Na semana passada, conversamos aqui sobre John Henry Wigmore (1863-1943), que, em 1900 (e, sucessivamente, em 1908 e 1922, pelo menos), com a elaboração de uma lista de “romances jurídicos” – “A List of Legal Novels” –, deu origem a um dos três ramos do movimento “Direito e Literatura”, mais especificamente aquele chamado de “direito na literatura” (“law in literature”, “le droit dans la littérature”, “el derecho en la literatura”).

A elaboração de “A List of Legal Novels” fez parte de um fenômeno parecido com algo que vivemos em nossos dias: uma “febre das listas” (eu mesmo, dia desses, adquiri na Livraria Cultura um livrão, com quase mil páginas, intitulado “10.000 Things You Need to Know: The Big Book of Lists”, edição de Elspeth Beidas e publicado pela Universe Publishing em 2016. Vivo folheando. É uma delícia). À época, uma das ferramentas mais  utilizadas, a fim de direcionar e melhorar a qualidade da leitura, “era a elaboração de catálogos ou listas especiais para uso dos leitores de bibliotecas”, explica Esther Jane Carrier (em “Ficton in Public Libraries 1876-1900”, The Scarecrow Press, 1965).     Classificadas por temas (aventuras, melodramas, história etc.), destinada a públicos diferentes (adultos ou crianças, por exemplo), as tais listas eram mais que uma prática corrente. “Eram imperativas”, aduz Anne Simonin no artigo “Make the Unorthodox Orthodox: John Henry Wigmore y el nacimiento del interés del derecho por la literatura” (que consta do livro “Imaginar la ley: El derecho en la literatura”, título original “Imaginer la loi: Le droit dans la Littérature”, organizado por Antoine Garapon y Denis Salas, e publicado pela Editorial Jusbaires na Argentina, com o apoio do Poder Judicial de la Ciudad de Buenos Aires/Consejo de la Magistratura, em 2015). As listas de leitura tinham “a função, então, de pôr a literatura em seu lugar, promovendo exclusivamente as obras consideradas úteis e boas para um determinado público”.
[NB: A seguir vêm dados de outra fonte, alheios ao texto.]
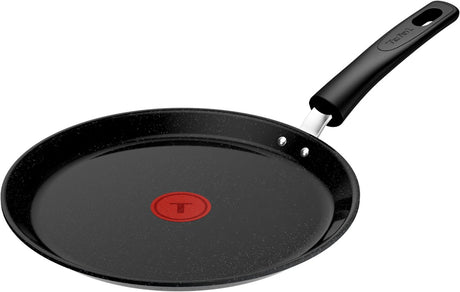 Tefal Experience Ceram - ceramiczna patelnia do naleśników - ø25 cm - rdzeń fuzyjny - nie zawiera pfas - nadaje się do indukcji - nadaje się do stosowania z metalowymi szpatułkami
Esse, sem dúvida, era também um dos objetivos de John Henry Wigmore ao publicar em “The Brief”, em 1900, a primeira de suas listas de “Legal Novels”: separar o joio do trigo. Vendo uma intersecção entre as duas culturas, a literatura e o direito, Wigmore sugeriu que os operadores do direito incluíssem as obras de ficção, especialmente os romances, em suas leituras cotidianas, ao mesmo tempo fornecendo um guia que separava a (suposta) boa da má ficção jurídica.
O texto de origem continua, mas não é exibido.